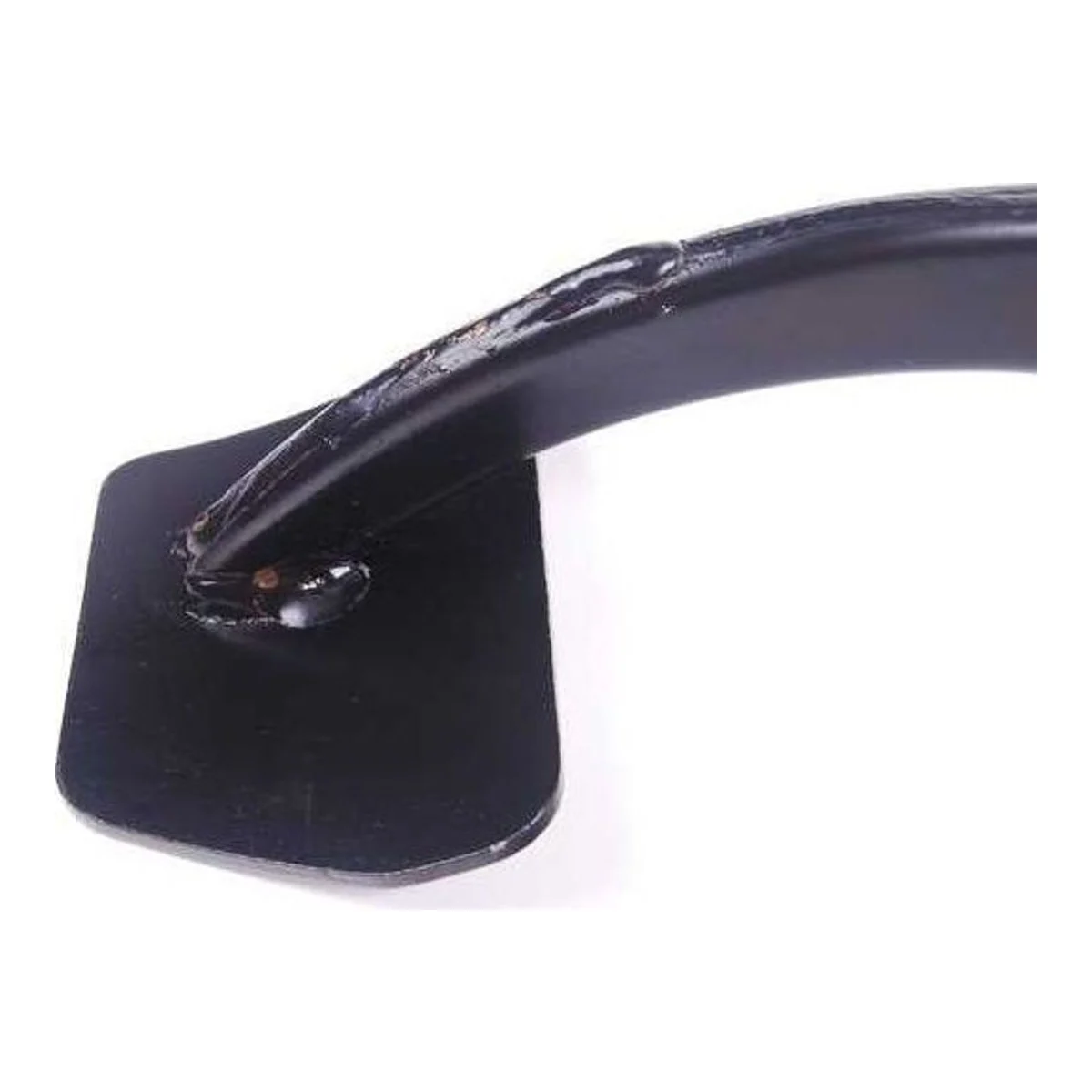 BMW E46 E85 E86 Fren Pedalı 35206752651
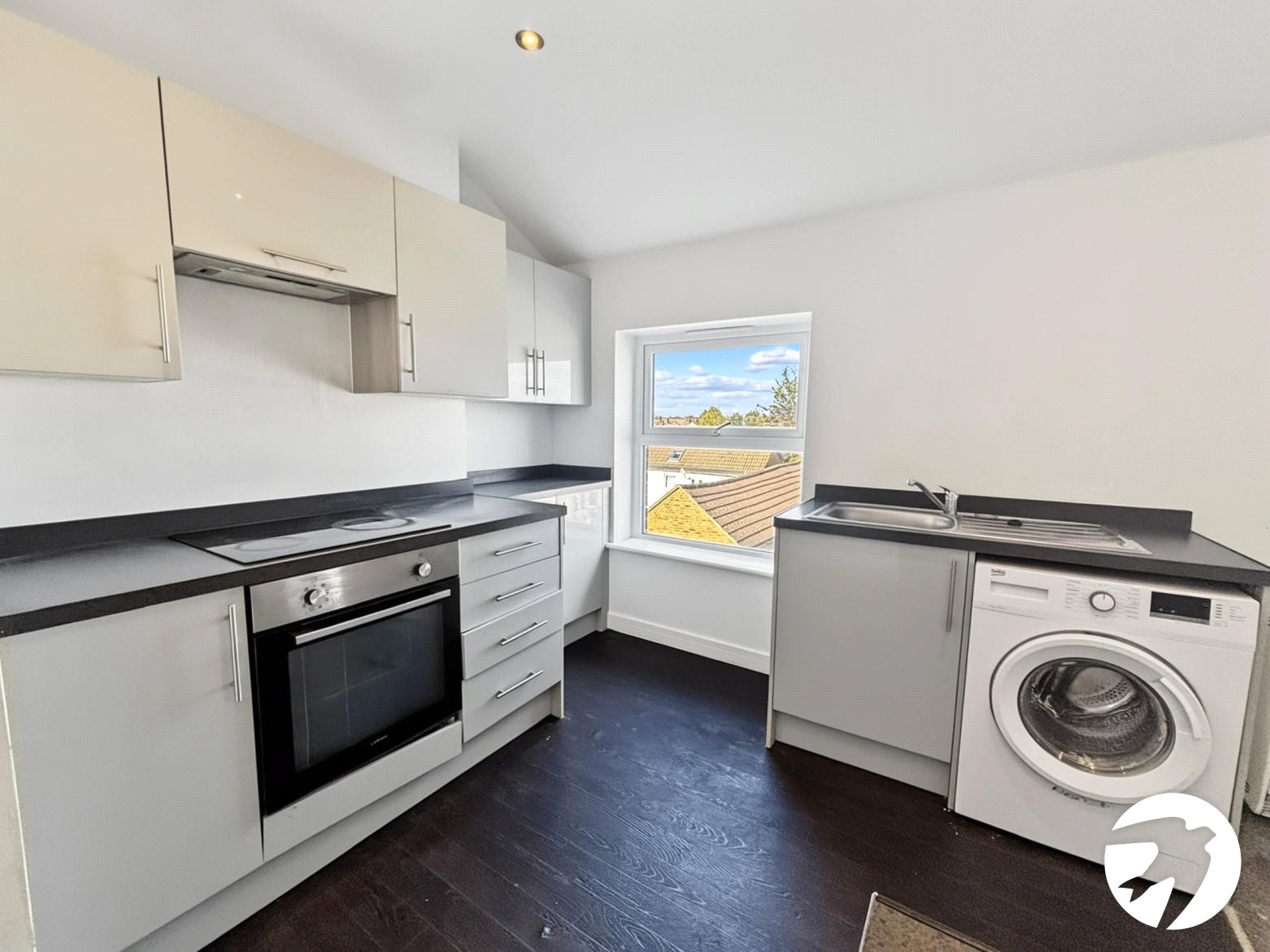 1 bedroom property to rent in Bexleyheath | Robinson Jackson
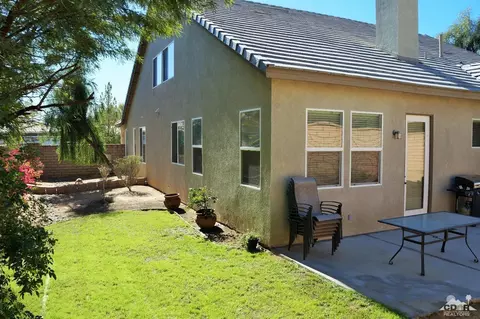 80456 Denton Dr, Indio, CA 92203 photo 26
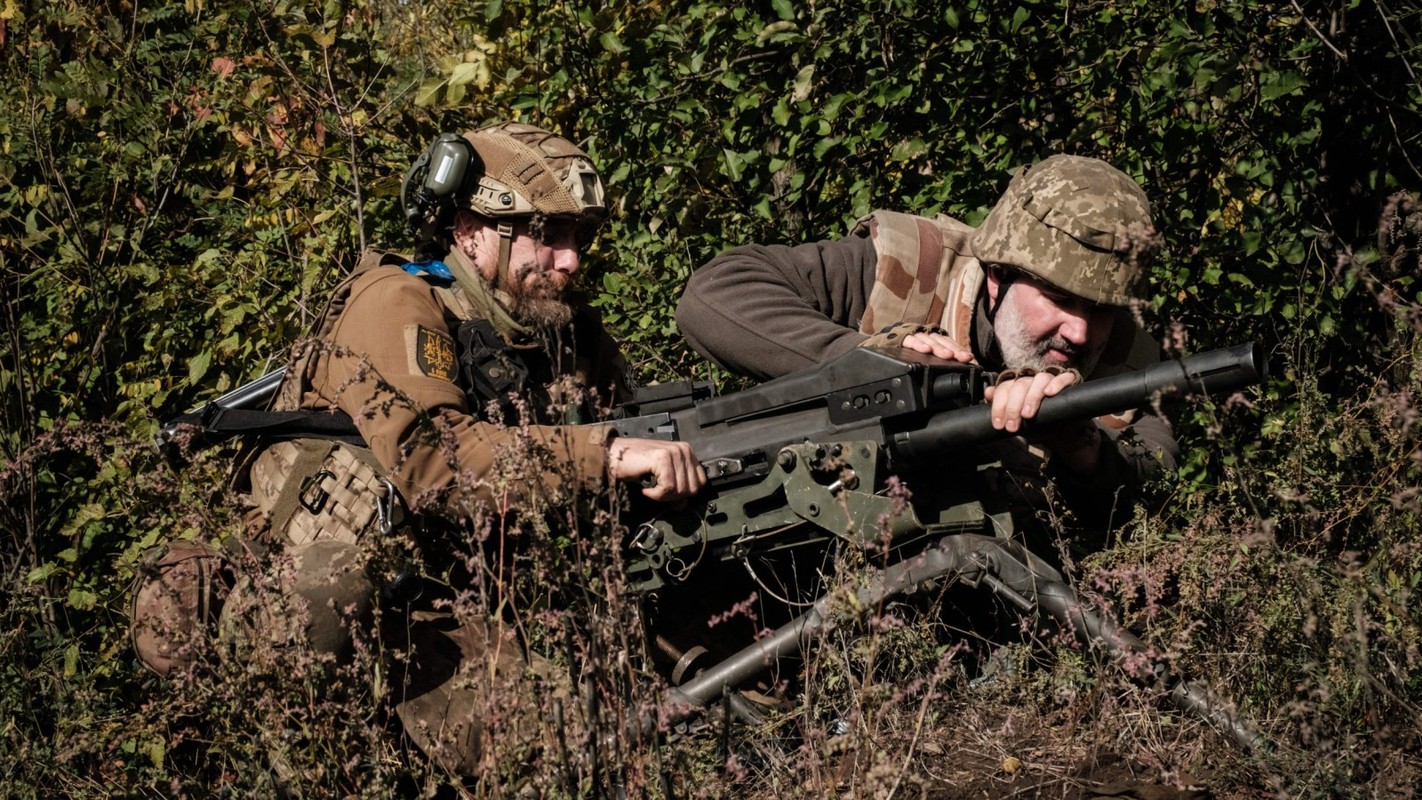 Ukraine dot kich “cong dia nguc”, Nga su dung chien thuat moi-Hinh-18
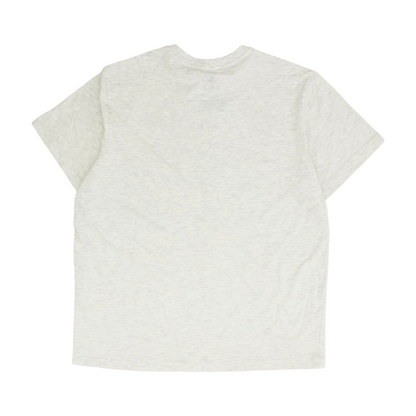 Gray T-Shirt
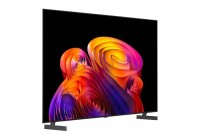 LG OLED77B6EUA 77 Inch (195.58 cm) Smart TV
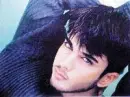 imran abbas
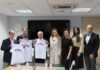 img 20250603 wa0387(1)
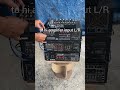 3 integ amp mixer connection guide 3 integ amp mixer connection guide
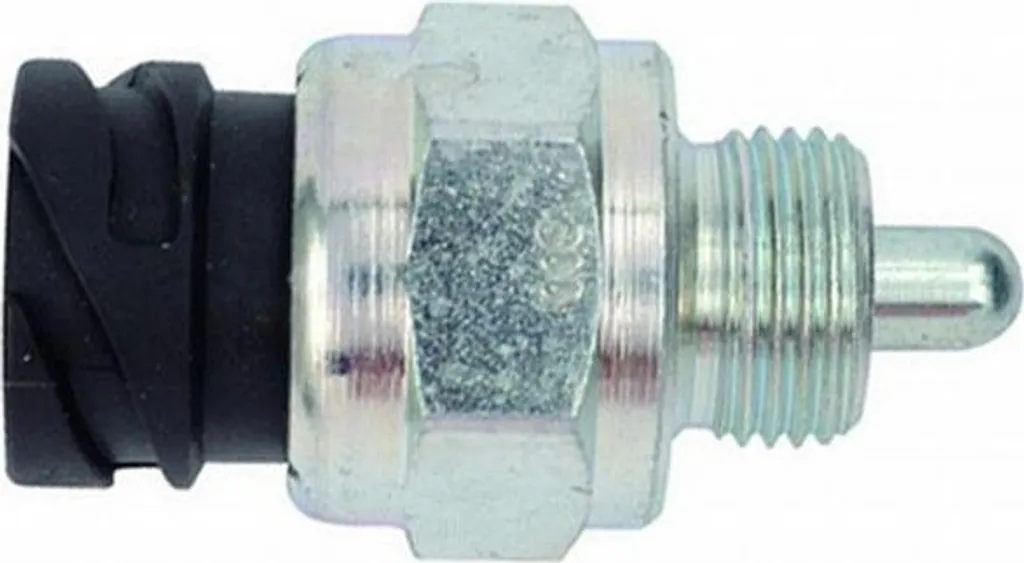 Capteur de Recul HELLA 6ZF 013 260-041 pour Sécuriser vos Manoeuvres Pro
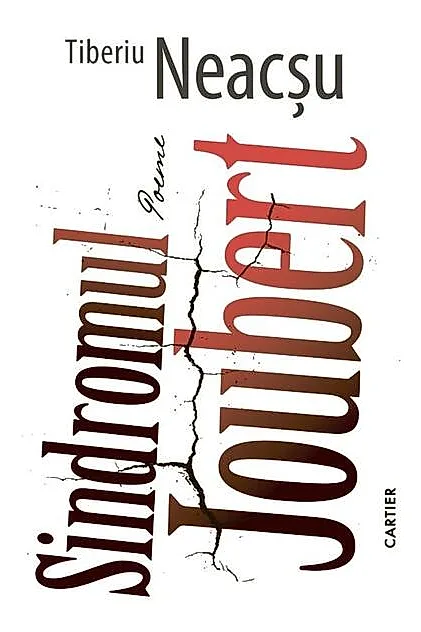 Sindromul Joubert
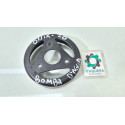Polia Bomba Agua Chevrolet Onix 1.0 Turbo Ano 2020 2021 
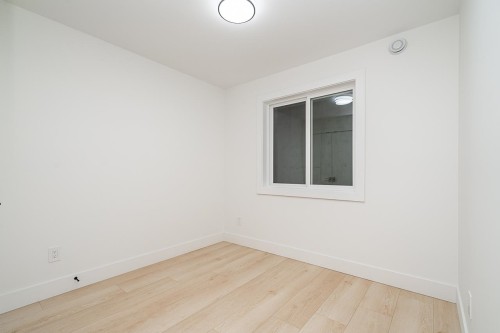 7128 204 Street, Langley, BC 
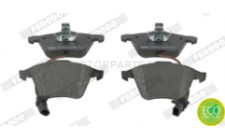 Image for Brake Pad Set
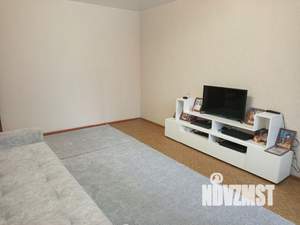 2-к квартира, вторичка, 49м2, 4/5 этаж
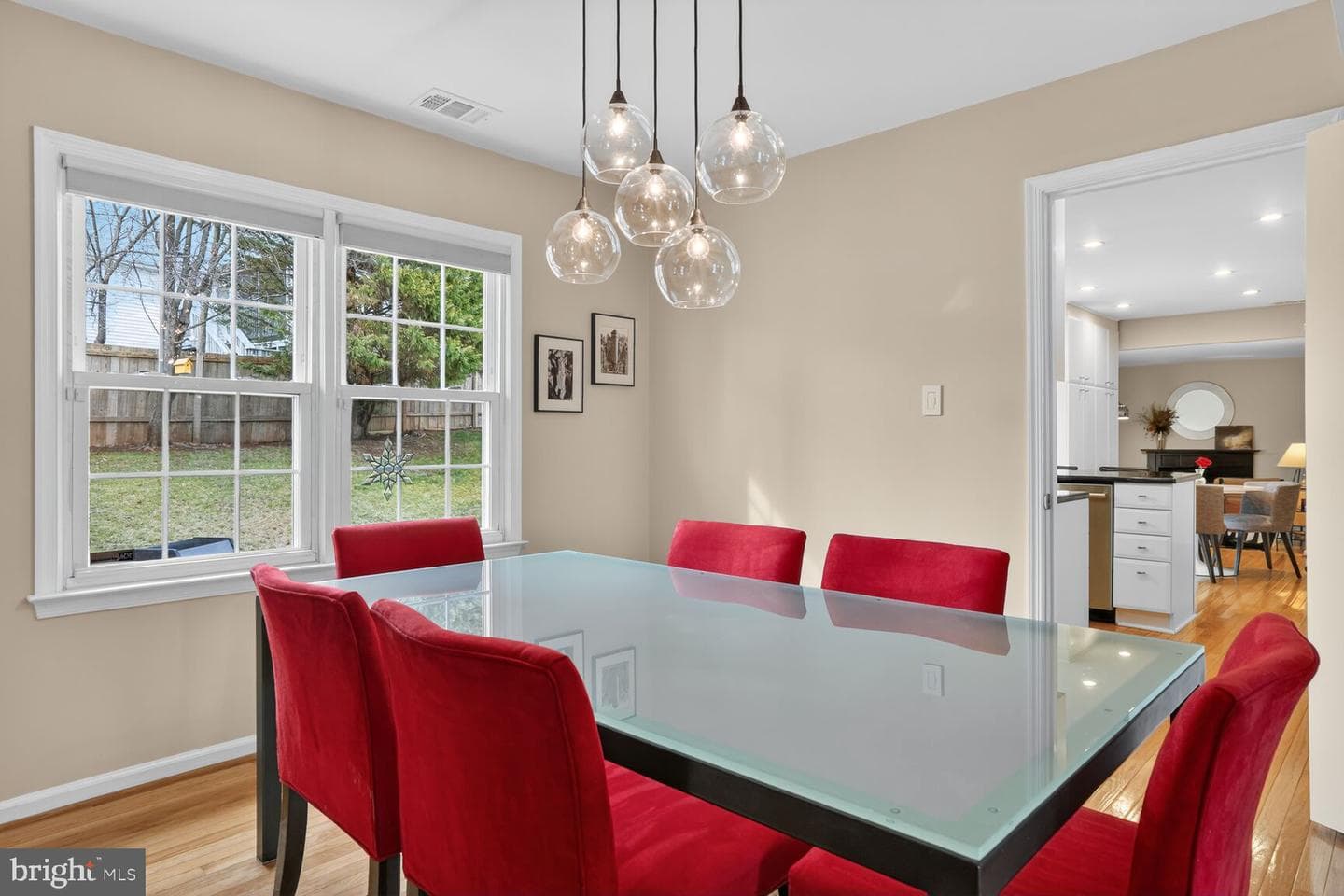 1354 Shallow Ford Road photo 11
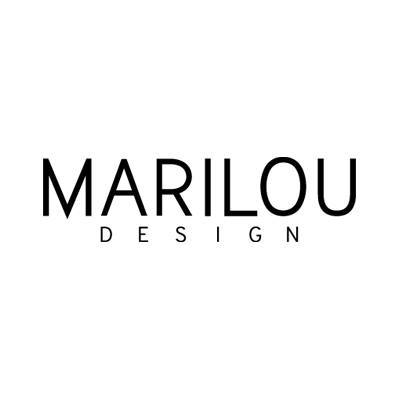 Logo Marilou Design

Problem requirements: What do the lines above say from the line containing "img 20250603 wa0387(1)" through the last line? Quote them exactly, both ends included, and leave out the pictures.

Worked solution:
 img 20250603 wa0387(1)
 3 integ amp mixer connection guide 3 integ amp mixer connection guide
 Capteur de Recul HELLA 6ZF 013 260-041 pour Sécuriser vos Manoeuvres Pro
 Sindromul Joubert
Polia Bomba Agua Chevrolet Onix 1.0 Turbo Ano 2020 2021 
 7128 204 Street, Langley, BC 
 Image for Brake Pad Set
 2-к квартира, вторичка, 49м2, 4/5 этаж
 1354 Shallow Ford Road photo 11
 Logo Marilou Design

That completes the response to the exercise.